The eternal amateur. That would describe me exactly.

I was drawn to design of figure 6c of this reference because of its high stiffness/output ratio. In detail however, the strain gauges are mounted in a region of relatively high strain gradients, implying that the quality of the device would depend in the accurate placement of the gauges. Further, the output of a simple shear bridge would be sensitive to offset loads (bending moments) and/or torsional loads. Minimizing cross axis sensitively required each of the structural shear arms to be loaded with four separate gauges, all wired up as a single bridge. In addition, the sixteen gauges were all manufactured using the same foil to minimize temperature sensitively of the gauges, but the length of the links still had to be adjusted to minimize temperature sensitivity of the connections. Not a complete stroll in the park, I think.

btw
DWs need for load measurement following the choice of force as the nominal controlled variable in the active ride system .... would have been alleviated if eg position or velocity had been chosen as the nominal controlled variable ? which would be possible with some alteration to the control signals computed ? eg if starting again today ? this would have practical advantages ?

Not really, Tommy. The whole shebang was designed to control loads. Why would you choose anything else?
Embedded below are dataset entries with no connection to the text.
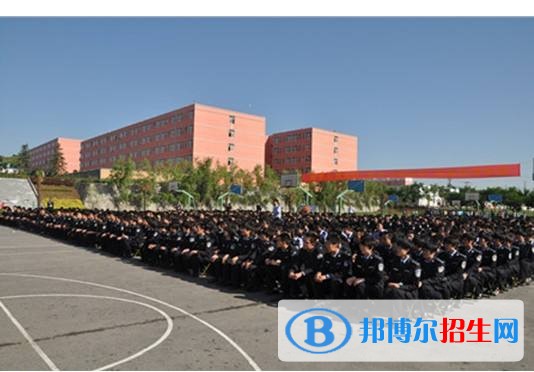 陜西警官職業(yè)學院2019年單招錄取分數(shù)線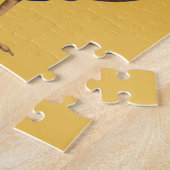 ロッ絵画スター ジグソーパズル (側面)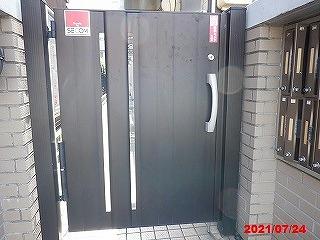 エントランス　オートロックゲート完備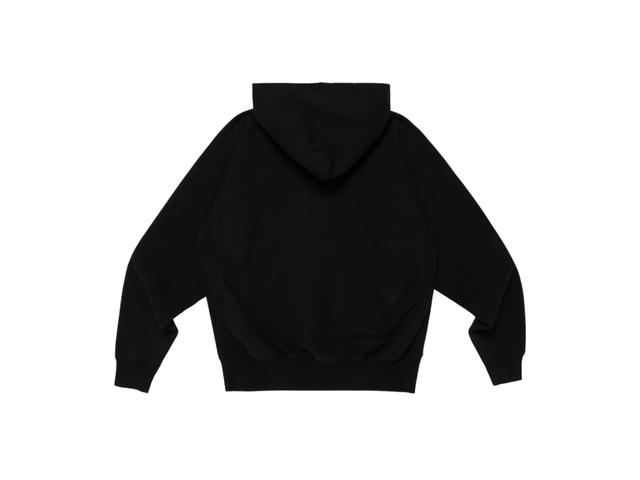 HUMAN MADE HUMAN MADE Heavyweight Hoodie Black - view 2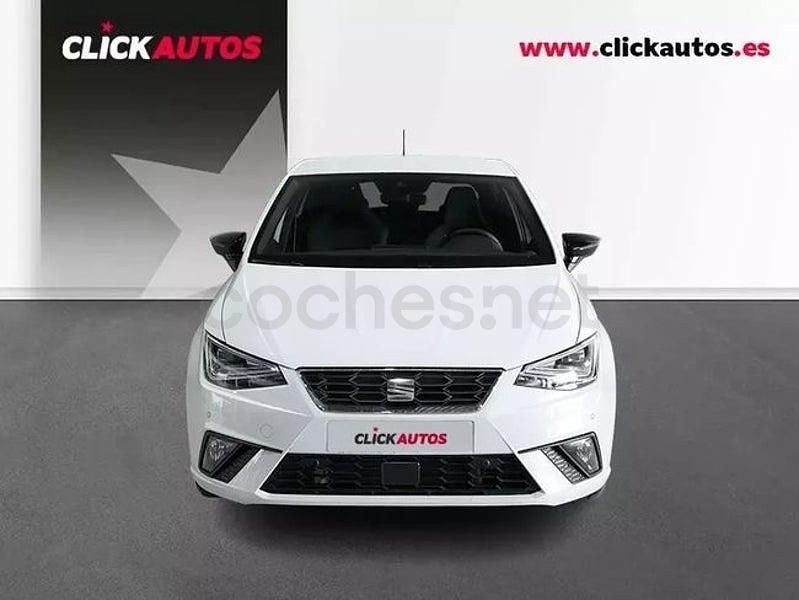 Usado Seat Ibiza FR 115 CV (84 kW) 2025 Blanco Utilitario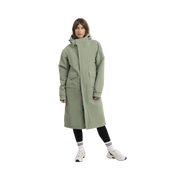 Women's EVO Pro Slimline Waterproof Parka Jacket - Sage Green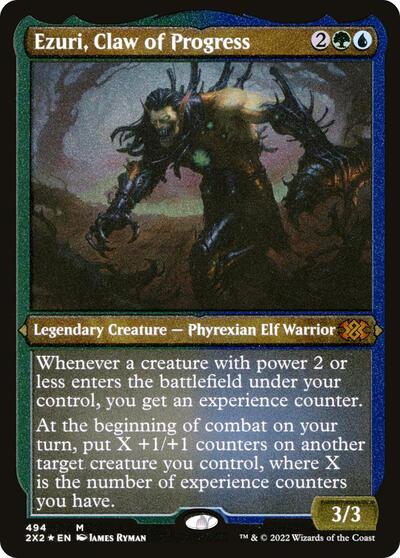 Ezuri, Claw of Progress (Foil Etched)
Also btw, load cells weren't the only measurements used in the system.... others included strut position (LVDT's), lat & long acceleration, yaw rate, road speed, airspeed, steer angle, and hub vertical accelerations. So if you wished to play with alternative control laws, the system could easily have accommodated it....

[Greg Locock]

One practical approach to strain gauges is to mount lots of then around the item under test, and then calibrate them, in a SIMO fashion, in response to carefully applied loads. If you've guessed lucky then you'll get a nice response matrix that covers all the loads. There are pitfalls, and error analysis becomes much more difficult, but in practice it probably gives a better load set that the more typical approach of cutting the structure apart and adding perfect little strain gauge rosettes.